• DATASET EXTRACT
============

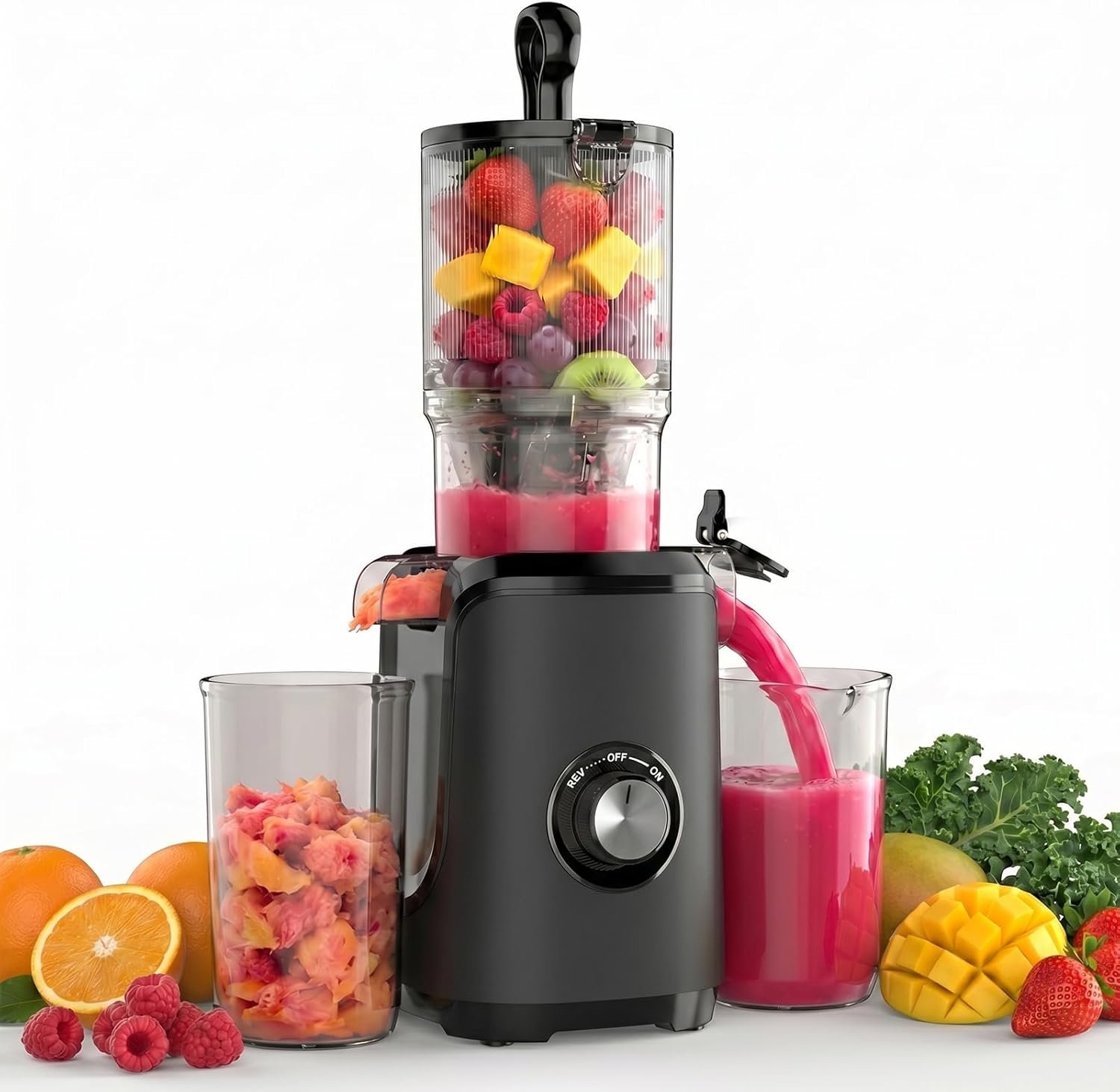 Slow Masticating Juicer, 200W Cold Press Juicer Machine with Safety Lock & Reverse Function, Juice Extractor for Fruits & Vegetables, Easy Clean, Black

============

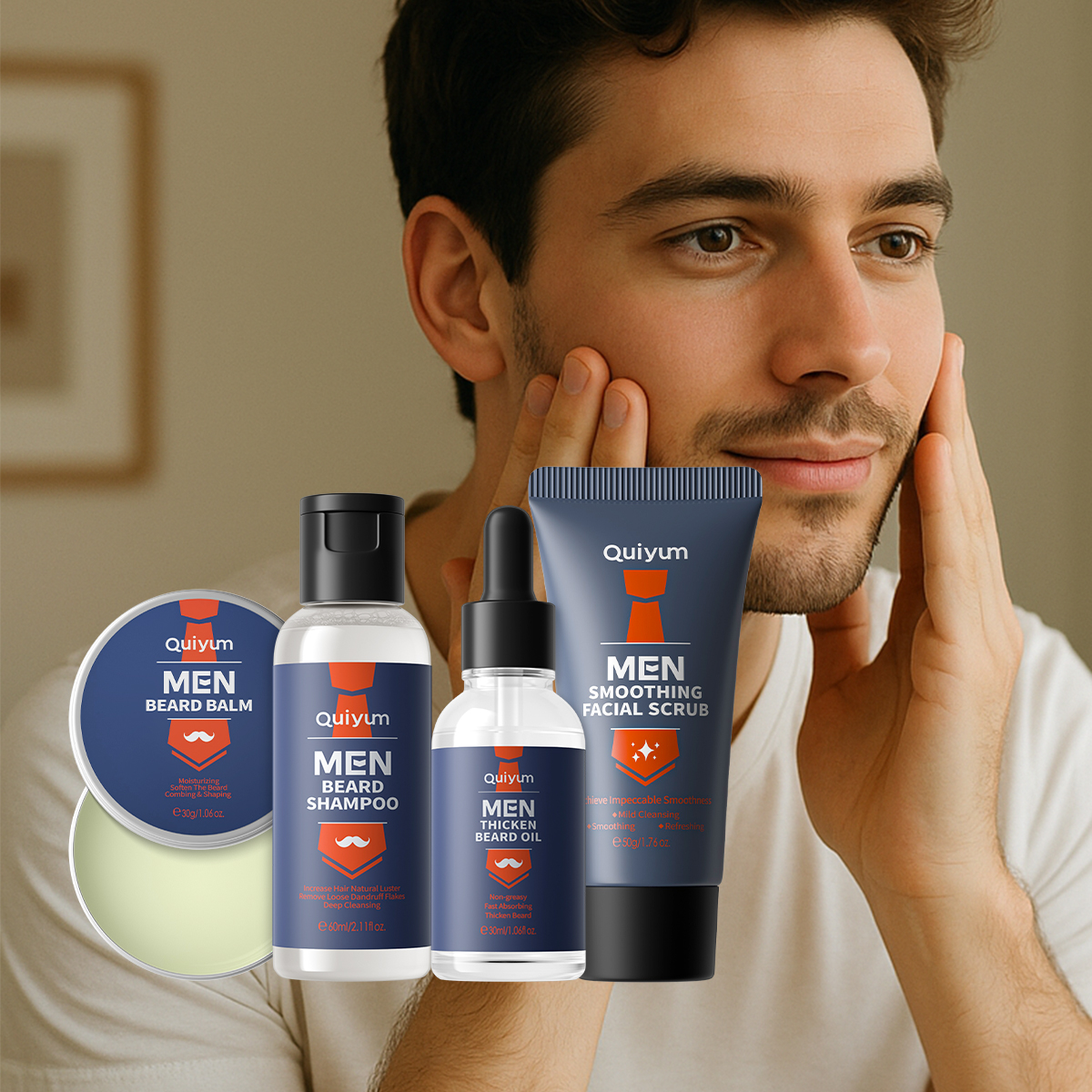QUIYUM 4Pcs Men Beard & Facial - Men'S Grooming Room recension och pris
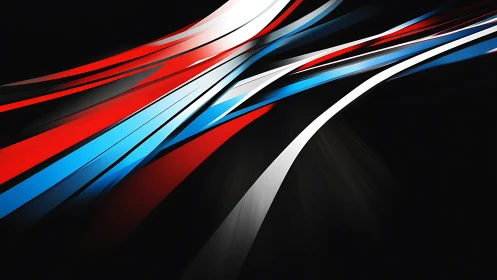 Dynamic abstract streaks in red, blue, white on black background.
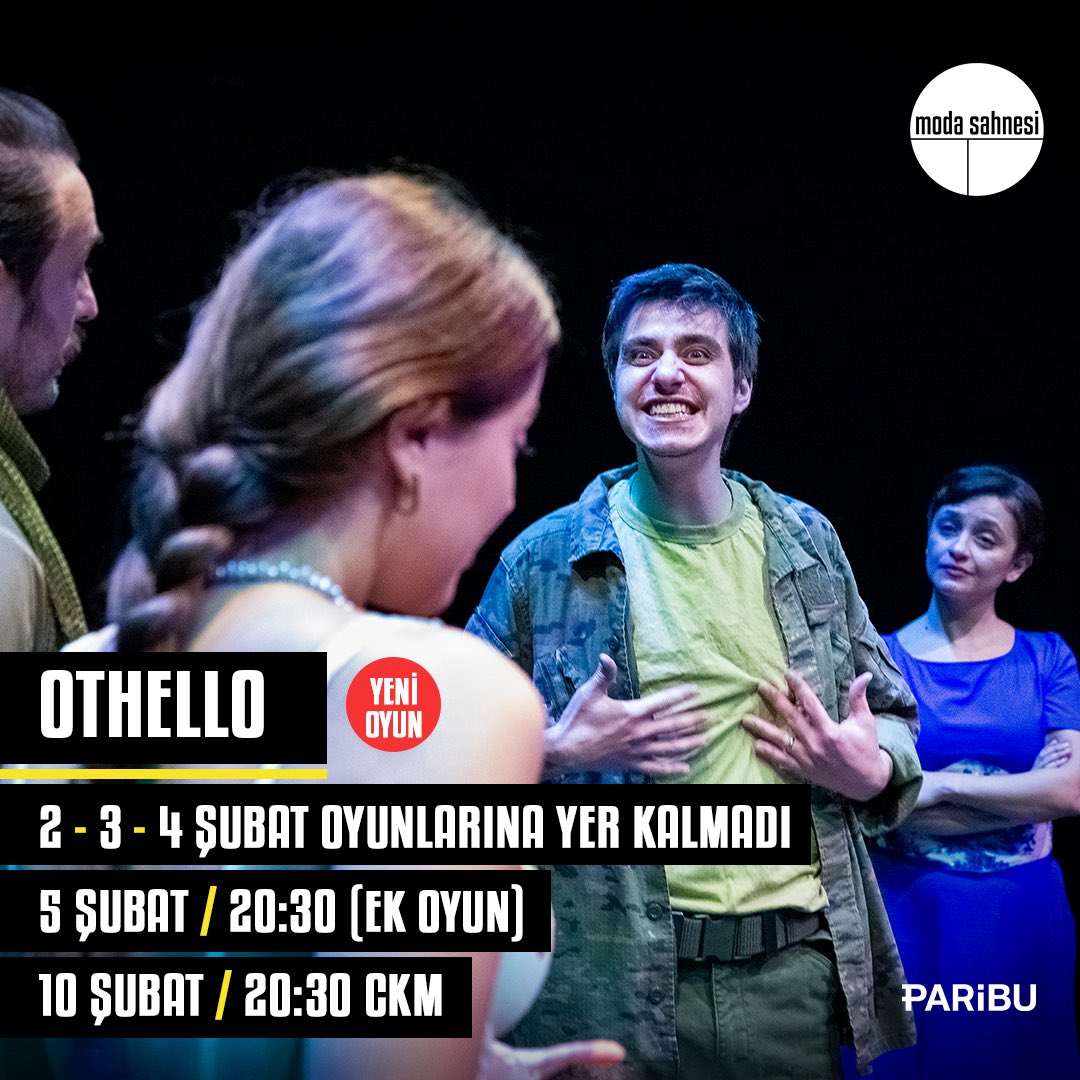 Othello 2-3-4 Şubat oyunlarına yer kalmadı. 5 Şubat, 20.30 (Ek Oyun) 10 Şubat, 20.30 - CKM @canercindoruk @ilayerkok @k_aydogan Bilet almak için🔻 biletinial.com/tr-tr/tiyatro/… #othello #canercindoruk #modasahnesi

============

• EXERCISE DETAILS
Would you set down only the lines above from the line with "QUIYUM 4Pcs Men" to the line with "Othello 2-3-4 Şubat", both included, exactly as they stand and without the pictures?

• PROBLEM SOLUTION
QUIYUM 4Pcs Men Beard & Facial - Men'S Grooming Room recension och pris
 Dynamic abstract streaks in red, blue, white on black background.
 Othello 2-3-4 Şubat oyunlarına yer kalmadı. 5 Şubat, 20.30 (Ek Oyun) 10 Şubat, 20.30 - CKM @canercindoruk @ilayerkok @k_aydogan Bilet almak için🔻 biletinial.com/tr-tr/tiyatro/… #othello #canercindoruk #modasahnesi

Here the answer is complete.